### Problem statement
Below are entries with pictures among them; reproduce exactly, and only, the lines from the one containing "Liyacraft Baby Sticker Set 35 Adet 3 cm" down to the one containing "Experience Wellesley Outdoor", without the pictures.

### Extracted entries

=-=-=

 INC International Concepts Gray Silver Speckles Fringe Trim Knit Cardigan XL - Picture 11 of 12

=-=-=

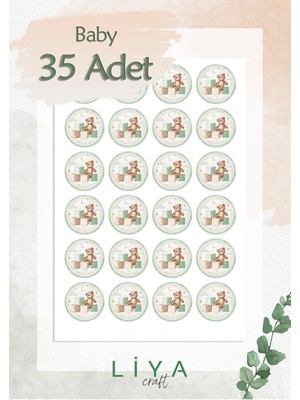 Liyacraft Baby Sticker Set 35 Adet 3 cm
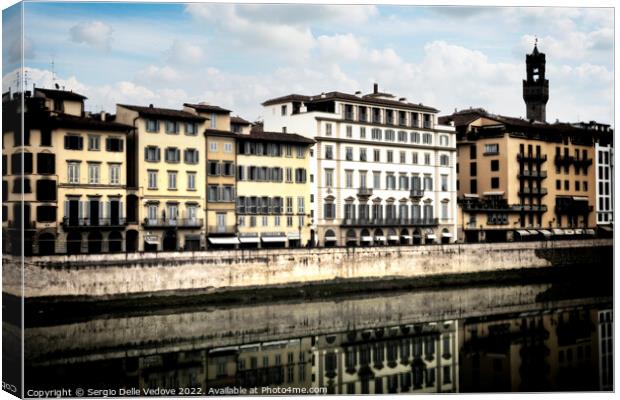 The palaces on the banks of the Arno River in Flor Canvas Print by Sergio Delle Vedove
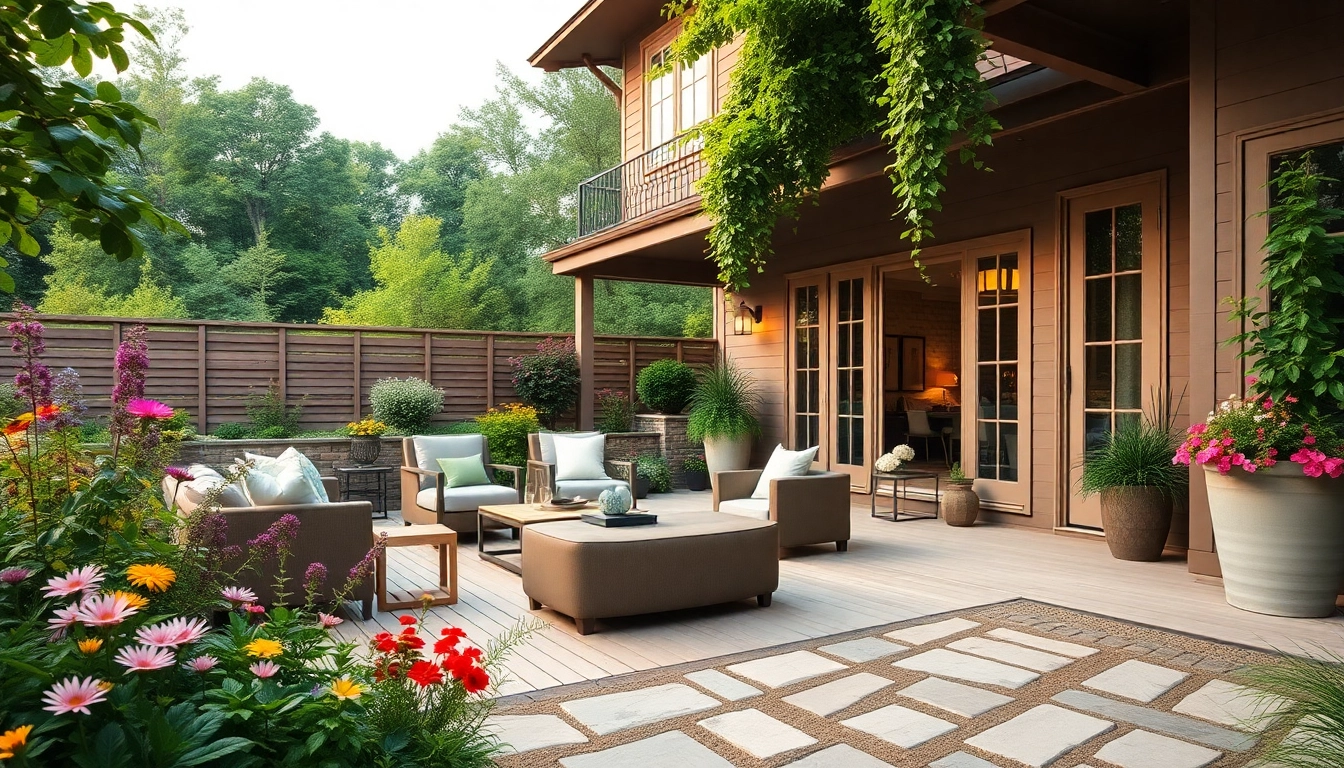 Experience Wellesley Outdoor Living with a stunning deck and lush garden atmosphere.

=-=-=

### Exercise result
 Liyacraft Baby Sticker Set 35 Adet 3 cm
 The palaces on the banks of the Arno River in Flor Canvas Print by Sergio Delle Vedove
 Experience Wellesley Outdoor Living with a stunning deck and lush garden atmosphere.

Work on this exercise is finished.